**Aim of the task**
Only the lines that contain the string "Pink" belong in the answer; pull them from the records.

**The input**

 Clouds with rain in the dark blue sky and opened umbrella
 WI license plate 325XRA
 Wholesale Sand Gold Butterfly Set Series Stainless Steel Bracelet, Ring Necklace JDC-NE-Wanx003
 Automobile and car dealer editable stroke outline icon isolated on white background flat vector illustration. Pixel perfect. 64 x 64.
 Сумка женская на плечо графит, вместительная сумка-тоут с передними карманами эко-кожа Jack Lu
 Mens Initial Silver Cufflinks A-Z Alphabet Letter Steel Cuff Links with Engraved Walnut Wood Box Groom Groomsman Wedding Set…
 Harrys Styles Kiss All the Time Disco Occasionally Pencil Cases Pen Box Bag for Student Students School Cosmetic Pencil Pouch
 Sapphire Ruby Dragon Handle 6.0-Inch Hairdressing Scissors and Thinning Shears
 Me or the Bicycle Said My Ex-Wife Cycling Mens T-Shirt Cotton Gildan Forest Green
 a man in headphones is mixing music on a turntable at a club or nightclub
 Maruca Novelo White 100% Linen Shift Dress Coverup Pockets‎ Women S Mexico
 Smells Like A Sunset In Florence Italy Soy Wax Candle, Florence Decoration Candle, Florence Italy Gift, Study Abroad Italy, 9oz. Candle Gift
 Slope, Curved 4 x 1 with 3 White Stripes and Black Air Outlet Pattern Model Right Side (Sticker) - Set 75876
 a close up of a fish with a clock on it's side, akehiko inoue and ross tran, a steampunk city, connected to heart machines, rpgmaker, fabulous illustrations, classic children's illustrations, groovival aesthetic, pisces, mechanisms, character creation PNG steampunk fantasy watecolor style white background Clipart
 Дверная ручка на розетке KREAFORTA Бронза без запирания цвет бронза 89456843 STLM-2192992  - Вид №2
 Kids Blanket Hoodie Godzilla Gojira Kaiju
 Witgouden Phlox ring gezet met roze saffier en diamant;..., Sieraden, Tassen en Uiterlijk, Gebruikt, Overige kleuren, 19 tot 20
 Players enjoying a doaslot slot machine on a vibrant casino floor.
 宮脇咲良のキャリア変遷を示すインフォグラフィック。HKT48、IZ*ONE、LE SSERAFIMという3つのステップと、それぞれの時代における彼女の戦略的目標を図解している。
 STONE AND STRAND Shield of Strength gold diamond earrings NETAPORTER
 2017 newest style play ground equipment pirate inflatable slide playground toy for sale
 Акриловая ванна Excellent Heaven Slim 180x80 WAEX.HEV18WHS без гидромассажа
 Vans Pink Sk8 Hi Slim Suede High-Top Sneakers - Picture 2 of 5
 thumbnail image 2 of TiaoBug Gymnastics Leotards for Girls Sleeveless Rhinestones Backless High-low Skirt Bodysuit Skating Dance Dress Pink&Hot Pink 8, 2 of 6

**Final answer**
 Vans Pink Sk8 Hi Slim Suede High-Top Sneakers - Picture 2 of 5
 thumbnail image 2 of TiaoBug Gymnastics Leotards for Girls Sleeveless Rhinestones Backless High-low Skirt Bodysuit Skating Dance Dress Pink&Hot Pink 8, 2 of 6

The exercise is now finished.